Quality Estimation
Availability: Enabled by default for new projects, opt-in for existing ones. Requires enabled machine/AI translation.
Quality Estimation (QE) lets an AI evaluator score every AI-produced translation with a confidence estimate between 0 and 1, together with a short reason. The score is stored with the translation and surfaced in the editor, so you immediately see which AI translations are trustworthy and which ones deserve a human look.
- Only AI translations are scored (traditional machine translation is not).
- Scoring works for translations produced by the automatic translation workflow as well as AI bulk actions and the AI assistant in the editor.
- Scoring uses the same AI provider that produced the translation: with your own API key (OpenAI, Gemini, Mistral AI) the scoring runs on your key; with the built-in Locize AI it consumes AI tokens like any other Locize AI usage.
Enable Quality Estimation
New projects have Quality Estimation enabled by default (the built-in Locize AI works out of the box). For existing projects:
- Open your Project settings.
- Go to EDITOR, TM/MT/AI, ORDERING.
- In Cat settings, enable Quality Estimation (the toggle is available once machine translation is enabled).
What you see in the editor
- A per-segment confidence indicator on AI-translated segments.
- A confidence percentage (with the evaluator's reason as tooltip) next to the quality info of the selected segment.
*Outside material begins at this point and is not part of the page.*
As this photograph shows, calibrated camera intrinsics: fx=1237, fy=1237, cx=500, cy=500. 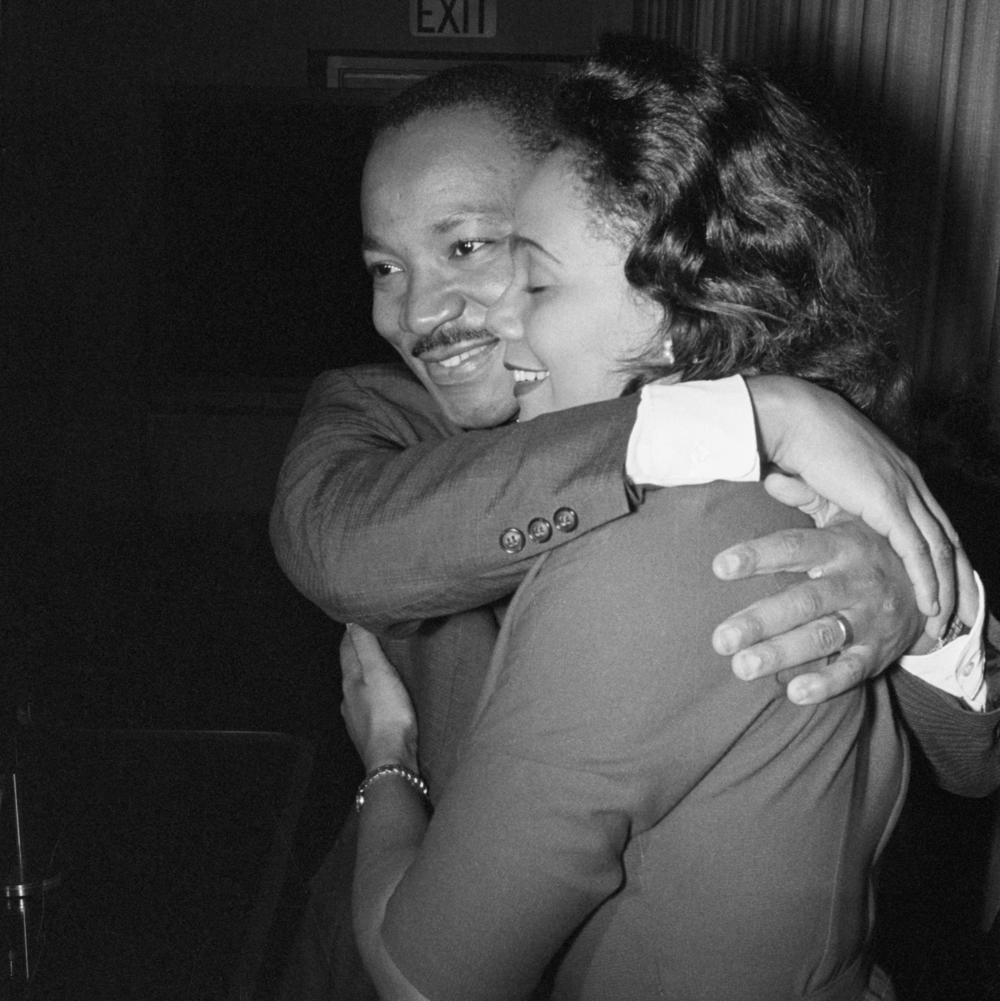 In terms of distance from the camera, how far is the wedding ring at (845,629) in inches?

- A "by AI: needs review" filter in the state filters, listing AI translations scoring below the needs-review threshold (0.7 by default).

Low-confidence proposals routed via the Review AI workflow show the confidence, the critique, and a one-click suggested revision directly on the pending review.
When an AI translation is edited by a human, re-translated, or replaced from translation memory, its confidence score is removed automatically. A score always describes exactly the text it was computed for.
Review AI workflow (auto-route low confidence to humans)
With the additional Review AI workflow setting, low-confidence AI translations are not saved silently. Instead they are routed into the review workflow as pending proposals:
- Low-confidence AI translations (score below the threshold, or with a major issue found) become pending reviews, even in languages that don't have the regular review workflow enabled.
- High-confidence AI translations are saved directly.
- Routed proposals carry a critique: issue categories (accuracy, fluency, terminology, style) with severity and a short note. When the evaluator can clearly improve the translation, it also includes a suggested revision you can apply with one click.
- If a language has the regular review workflow enabled, everything still goes through review as usual; Quality Estimation then simply enriches those proposals with score and critique.
This differs from the regular review workflow: the review workflow reviews everything in selected languages, while the Review AI workflow reviews selectively, based on confidence, across all languages.
Good to know
- The needs-review threshold defaults to 0.7. (Via API,
qualityEstimationEnabledalso accepts a number between 0 and 1 to use a custom threshold.) - Scoring roughly doubles the AI calls of a translation run. On very large namespaces the backend caps scoring per language and saves the remaining translations unscored.
- Quality Estimation complements the deterministic checks & issues, it does not replace them: broken placeholders or untranslated fragments are best caught by those checks.
- Scores are editor metadata: they are not included in your published translation files.
- A Styleguide and Glossary improve the evaluator's judgement the same way they improve translations.